How does one describe Gregory Peck?

Mirage: And the melon’s red glare/ Hit the road with such flair...
Mirage: And the melon’s red glare/ Hit the road with such flair...

Inspiration prevails in the strangest places, places like the 805 off-ramp while tooling towards Chula Vista.

Mirage (1965)

The trash-hauling buggy before me was piled so high with furniture, appliances, and the like that I half-expected to find Granny Clampett ballasted atop the roving mountain. The entire collection appeared to be securely bungeed and roped, but one chuckhole later, the tailgate of the junkman’s dumpster dropped open and out bounced — of all things — a watermelon. (Judging by the lack of seed damage done to my tires, I’m guessing it was a triploid hybrid.) Rather than having my life flash before my eyes, I called back a four-second snippet from the TV spot for Edward Dmytryk’s mid-’60s paranoid political thriller Mirage. Madison Avenue accountant David Stillwell (Gregory Peck) overhears a bar patron’s testimony that the sound of a watermelon hitting the pavement from 14 floors up bears an uncanny similarity to that of a suicide victim he encountered on the way in. Unbeknownst to Stillwell, the jumper was his boss. The splattering fruit juxtaposed with the Vertigo-inspired rear projection plummet left a mark. Decades before David Letterman pitched watermelons off a 20-story tower — not to mention the global movement to end hunger​​ — this melonhead was transfixed by the bursting-fruit equivalent of a fireworks display.

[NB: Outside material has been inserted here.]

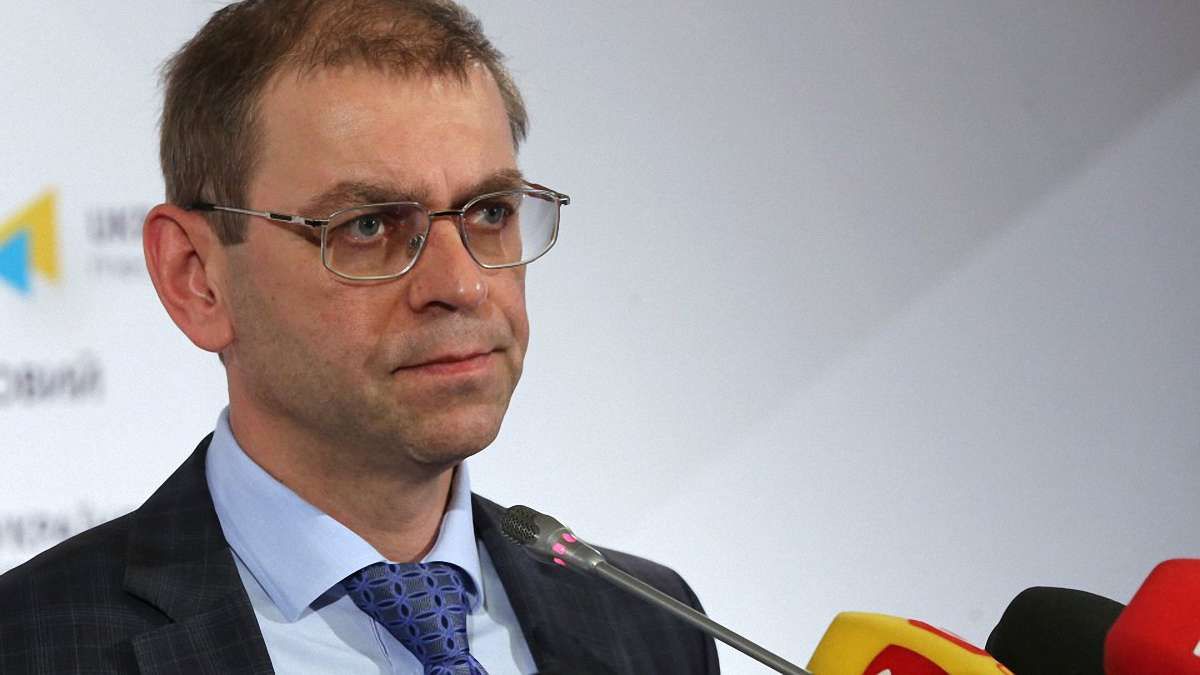 У п'ятницю силовики відзвітують про можливість введення воєнного стану на сході України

Gregory Peck and Jack Weston co-star in Lobby Card #3.

I’m not sure how or why the obsession began, but every day after lunch, a rotted apple or tomato would accompany me on my patrol boy route. What kid didn’t yearn to have a dayglo orange strap flung around shoulder and waist, granting the power to stop traffic at will? My opposite-corner crony would also bring an inedible offering, and each day at approximately 12:42 pm, we would align the targets in the middle of the street. Moments later, and right on schedule, our friendly neighborhood bus driver, Ted, would bring the #96 barreling down Lunt Avenue and flatten the fruit. A ten-ton public transport, piloted by a driver endowed with a sense of humor, became our personal juice press. It was the funniest damn thing this 12-year-old ever saw. Later that year, after spending hours of quality time staring at the dangling gourds in the Ezras Israel sukkah, we spied a couple of crates of spoiled apples parked next to the synagogue dumpster. Pulling up a curb, a buddy and I spent a good portion of the afternoon leisurely lobbing rotten apples into the street. By the time we were through, the intersection of Lunt and California resembled a pulpy Jackson Pollack creation.

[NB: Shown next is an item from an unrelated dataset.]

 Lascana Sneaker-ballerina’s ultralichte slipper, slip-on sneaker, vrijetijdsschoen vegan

See the book, read the movie!

Why all this the talk of flattened fruit? It all came back to me last night while watching Mirage. Dad took me to see it opening week at the second-run Adelphi Theatre, and the following Saturday I cajoled a couple of neighbor kids into tagging along for my second screening. The story didn’t make much sense to me back then. Hell, even today I found myself scanning backwards to catch red herrings. What mattered back then was the slow motion shot of the watermelon hitting the deck that appeared in TV spots as well as subsequent commercials for network airings. This four-second fragment acted as a selling tool, fascinating me to the point I couldn’t wait to see it again. It didn’t disappoint.

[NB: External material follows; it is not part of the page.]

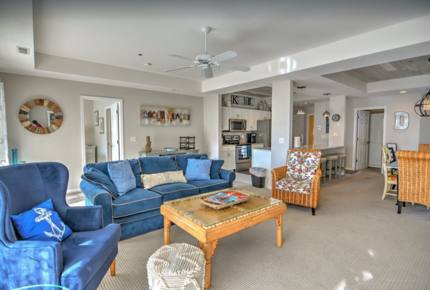 Lake of the Ozarks Waterfront Retreat - Lake Ozark, Missouri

In context, the squashed casaba is just another unexplained fragment cast adrift inside the mind of David Stillwell. Here is one cost accountant/physio-chemist that isn’t about to let a bout of amnesia get in the way of his manhunt to find himself. (Amnesia as a plot motivator is the stuff networks dramas and sitcoms relied on when the weekly grind got to be too much and inspiration failed.) Stillwell’s blackout neatly coincides with a power outage in his office building, and it isn’t long before semi-familiar faces begin appearing in the dark. Stillwell recalls Sylvester Josephson (Kevin McCarthy) — his glad-handing colleague’s non-stop use of “bubby” and “baby” make him impossible to forget, try as one might. But our hero’s ex-girlfriend Sheila (Diane Baker) must not have made that strong an impression, as a stairwell confrontation only adds to the frustration. To make matters worse, Stillwell trails her down four flights that he later can’t account for — it’s a key moment for our baffled hero, who believes the basement stairs of The Unidyne Corporation’s L.A. plant are somehow connected to the ones at the New York office. Dmytryk follows his characters down several flights of stairs stopping short of visiting the sub-basement. Instead of showing the actors descending the steps, Dmytryk stylistically chooses to let the signage lead the way.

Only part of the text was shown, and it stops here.